The toolbox makes it easy to couple RDF libraries with new design flow concepts such as statistical static timing analysis. In this context, the output load, input and output transition times and delay parameters of the timing function are not single values but probability density functions. Scripts based on this approach have been used to assess the impact of process-level variability on critical path timing.
Variations were introduced into a TCAD model of a 45nm device by varying the gate insulator thickness (?EOT=1Å) and gate length (?L=3nm), in order to produce 50 sets of NMOS and PMOS I-V curves (five hours processing time). RDF device models were then extracted for each device variant (extraction time 30 sec). Fifty libraries were then generated and characterized (total time one day) and imported into PSYCHIC. Statistical static timing experiments were carried out on the slowest timing path extracted from a 45nm memory concentrator block within a multimedia processor SoC. Figure 3 shows the results. The timing histograms for each cell in the path were convolved to produce the overall path delay.

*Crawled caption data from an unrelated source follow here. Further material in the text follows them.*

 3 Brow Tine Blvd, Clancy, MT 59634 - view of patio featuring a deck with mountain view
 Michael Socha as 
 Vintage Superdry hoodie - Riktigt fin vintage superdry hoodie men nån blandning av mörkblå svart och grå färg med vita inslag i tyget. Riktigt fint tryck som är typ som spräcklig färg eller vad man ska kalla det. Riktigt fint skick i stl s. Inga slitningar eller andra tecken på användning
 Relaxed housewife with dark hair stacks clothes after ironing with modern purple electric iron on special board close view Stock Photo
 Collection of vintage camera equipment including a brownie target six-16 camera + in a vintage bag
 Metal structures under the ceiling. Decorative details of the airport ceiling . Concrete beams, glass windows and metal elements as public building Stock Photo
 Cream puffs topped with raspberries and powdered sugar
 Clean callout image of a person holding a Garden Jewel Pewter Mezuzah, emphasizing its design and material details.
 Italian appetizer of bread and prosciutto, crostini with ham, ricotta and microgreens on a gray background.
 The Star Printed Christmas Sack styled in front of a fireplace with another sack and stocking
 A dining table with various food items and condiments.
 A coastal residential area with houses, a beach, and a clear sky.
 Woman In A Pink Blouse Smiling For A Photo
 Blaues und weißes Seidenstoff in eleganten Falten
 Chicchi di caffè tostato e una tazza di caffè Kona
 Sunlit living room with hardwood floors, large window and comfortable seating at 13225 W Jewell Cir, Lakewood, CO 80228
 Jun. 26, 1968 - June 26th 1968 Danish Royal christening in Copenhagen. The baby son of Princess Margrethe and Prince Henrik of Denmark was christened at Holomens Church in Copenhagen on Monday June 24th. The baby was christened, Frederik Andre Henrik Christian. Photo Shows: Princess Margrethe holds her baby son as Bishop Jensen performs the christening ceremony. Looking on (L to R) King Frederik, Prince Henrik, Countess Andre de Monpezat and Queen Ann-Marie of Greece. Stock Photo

This approach allows fundamental experiments to be performed on the effects of process-level variability on system-level timing, and avoids issues associated with varying individual parameters within a single compact model to generate timing statistics .
Benchmarking with commercially generated libraries shows that 10% timing accuracy and 30% run-time gain can be maintained with RDF libraries at the cost of a consistent, node-independent 25% cell area penalty. As an example, this approach was used to analyze the clock rate-area trade-off for a system L2 cache controller implemented using two competing 15nm technologies.
In order to explore more speculative ‘what if’ scenarios and to avoid costly synthesis and timing tools, a design flow description language was developed. Scripts written in this language were shown to reproduce critical path timing data from, for example, Cadence Encounter to 2% accuracy. The unique capabilities of RDF libraries and the ease of implementing new PSYCHIC functions were employed to analyze statistical timing variations in a 45nm memory concentrator.